Tuesday, October 26.
It's so nice to be back in Pokhara. It's all too surreal though. The trek seems like such a far away and other experience now, but we were in it just a couple of days ago.
After a night in two Jumla guest houses so our tents could be cleaned out, only one flight could get out through the storm clouds crowding the sky, so after a morning of waiting around at the airport and playing lots of card games under the watchful eyes of police and army officials (cards are technically illegal in Nepal, but as long as you're not gambling, they tend not to care), we had a lunch of chow chow, and then seven us plus Mike, Steph, our research assistants, and three of the trekking staffers, saw the others off at around 4 and then headed back to the closer of the two guest houses--Newari Lodging and Fooding (I think I've actually starting replacing "eating" with "fooding" in my conversation...oh dear). We had a delicious dinner of--guess what--more chow chow and got to know the chef a little. He is from Kathmandu, learned to cook in India where he lived for several years, and then was hired at the guest house in Jumla by a family friend.
The next morning, it was off to two Hindu temples across the street, where each of us got double tikkas from their respective gurus, and then back to the airport to hurry and and wait some more. Talk about not taking things for granted and letting it be: In rural Nepal, you buy a plane ticket and you think that means you'll be getting to your destination when and how you want to. But no. If someone doesn't feel like getting up on time, you wait. If a storm comes in or they decide that someone else should get to fly before you when your flight is delayed for 24 hours or so, there simply isn't anything you can do about it. And in any case, it's pretty much impossible to know when you'll actually get to where you want to go. And thus, number who knows what: you'd best be flexible.
So it was that we waited for two other flights to go out on Saturday, had our third helpings of chow chow, and made it to Nepalgunj in time for showers and dinners.
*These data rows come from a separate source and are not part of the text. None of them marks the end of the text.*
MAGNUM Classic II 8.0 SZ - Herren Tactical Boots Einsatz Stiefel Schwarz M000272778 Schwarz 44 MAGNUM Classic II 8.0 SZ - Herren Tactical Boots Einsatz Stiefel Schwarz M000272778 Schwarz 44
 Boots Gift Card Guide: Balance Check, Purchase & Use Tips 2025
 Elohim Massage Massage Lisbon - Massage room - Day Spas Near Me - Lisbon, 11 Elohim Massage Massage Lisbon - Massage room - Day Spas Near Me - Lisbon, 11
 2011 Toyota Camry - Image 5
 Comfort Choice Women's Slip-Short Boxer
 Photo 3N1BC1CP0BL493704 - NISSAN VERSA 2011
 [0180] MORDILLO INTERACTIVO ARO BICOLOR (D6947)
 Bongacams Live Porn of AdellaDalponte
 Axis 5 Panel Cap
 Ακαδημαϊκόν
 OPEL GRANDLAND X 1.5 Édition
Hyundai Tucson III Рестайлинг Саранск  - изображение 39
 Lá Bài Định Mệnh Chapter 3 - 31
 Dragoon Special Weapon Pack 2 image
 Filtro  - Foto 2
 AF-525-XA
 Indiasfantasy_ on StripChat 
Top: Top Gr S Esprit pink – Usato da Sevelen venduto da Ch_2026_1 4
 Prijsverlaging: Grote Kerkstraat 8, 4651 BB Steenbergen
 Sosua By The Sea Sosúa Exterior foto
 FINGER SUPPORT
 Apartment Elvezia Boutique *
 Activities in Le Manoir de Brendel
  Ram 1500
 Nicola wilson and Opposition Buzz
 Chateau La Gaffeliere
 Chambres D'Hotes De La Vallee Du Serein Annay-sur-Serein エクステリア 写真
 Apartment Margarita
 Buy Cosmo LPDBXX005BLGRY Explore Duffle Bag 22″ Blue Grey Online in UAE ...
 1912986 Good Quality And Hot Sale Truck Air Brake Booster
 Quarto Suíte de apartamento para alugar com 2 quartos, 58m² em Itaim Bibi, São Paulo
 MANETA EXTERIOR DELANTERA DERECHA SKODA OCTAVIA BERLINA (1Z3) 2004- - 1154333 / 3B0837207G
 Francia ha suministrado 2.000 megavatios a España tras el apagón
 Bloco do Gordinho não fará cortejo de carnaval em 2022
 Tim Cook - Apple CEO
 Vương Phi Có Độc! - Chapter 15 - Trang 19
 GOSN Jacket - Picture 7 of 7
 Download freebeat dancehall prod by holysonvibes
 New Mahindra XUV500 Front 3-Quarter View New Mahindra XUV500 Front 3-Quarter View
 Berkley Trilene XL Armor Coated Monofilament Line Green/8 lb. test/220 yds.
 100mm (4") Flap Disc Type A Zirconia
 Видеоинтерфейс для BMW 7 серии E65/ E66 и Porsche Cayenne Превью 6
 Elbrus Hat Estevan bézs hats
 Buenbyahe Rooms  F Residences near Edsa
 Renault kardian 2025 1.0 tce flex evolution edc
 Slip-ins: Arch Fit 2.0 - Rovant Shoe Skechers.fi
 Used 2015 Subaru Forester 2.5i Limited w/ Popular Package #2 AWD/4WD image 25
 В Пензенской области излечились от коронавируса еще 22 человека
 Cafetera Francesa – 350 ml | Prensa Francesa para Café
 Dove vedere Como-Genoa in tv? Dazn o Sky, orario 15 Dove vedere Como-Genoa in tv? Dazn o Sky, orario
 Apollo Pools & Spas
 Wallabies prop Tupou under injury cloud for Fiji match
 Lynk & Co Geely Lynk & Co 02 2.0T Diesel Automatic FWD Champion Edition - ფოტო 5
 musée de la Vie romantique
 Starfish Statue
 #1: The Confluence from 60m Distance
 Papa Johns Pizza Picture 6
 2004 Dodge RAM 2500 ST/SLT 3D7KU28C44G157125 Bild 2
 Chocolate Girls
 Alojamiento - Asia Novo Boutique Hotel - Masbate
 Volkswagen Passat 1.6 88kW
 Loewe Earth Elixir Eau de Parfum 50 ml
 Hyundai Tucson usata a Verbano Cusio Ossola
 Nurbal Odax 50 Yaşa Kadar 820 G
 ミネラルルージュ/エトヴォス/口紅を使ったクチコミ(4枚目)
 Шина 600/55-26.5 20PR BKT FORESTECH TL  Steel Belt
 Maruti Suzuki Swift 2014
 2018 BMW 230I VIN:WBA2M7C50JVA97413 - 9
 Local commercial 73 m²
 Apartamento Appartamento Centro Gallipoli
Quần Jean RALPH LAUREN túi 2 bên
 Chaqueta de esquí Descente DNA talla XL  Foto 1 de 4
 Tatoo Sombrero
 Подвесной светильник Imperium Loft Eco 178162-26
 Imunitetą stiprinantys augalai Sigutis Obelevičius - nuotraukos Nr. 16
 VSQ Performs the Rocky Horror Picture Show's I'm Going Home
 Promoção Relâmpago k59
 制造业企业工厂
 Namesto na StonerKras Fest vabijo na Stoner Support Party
We had decided to fit the whole 14 hour bus ride into one day in order to arrive in Pokhara at a decent hour, so we had a nice relaxing nice in the posh hotel with western toilets, good water pressure (not that the heat wasn't shotty), delicious garlic naan in the funny, out of place dining hall where one of the waiters just couldn't stand to let a song play all the way through, an ice cream dessert, and HBO and Nat. Geo. on the TV.
It was great to see the rest of the group, but it was always nice being with a smaller bunch for a while. Such a different dynamic, and more coherence, I think. The first flight had flown straight into the storm, and what should have been 30 minutes turned into 50, thanks to intense turbulence throughout. We had it good on the flight front. It had snowed on the peaks surrounding the Jumla bazaar the night before we left, so we flew over snow-capped ridges and basked in the goodness.
Yesterday, Monday, we had a free day before we started work on our reports this morning. A few of us dropped laundry off and did a little gift shopping before getting delicious coffees and freshly baked goods at the Perky Bean, and then went across the street to the Olive Cafe for a light lunch and free wi-fi. It was so great just sitting there and reflecting.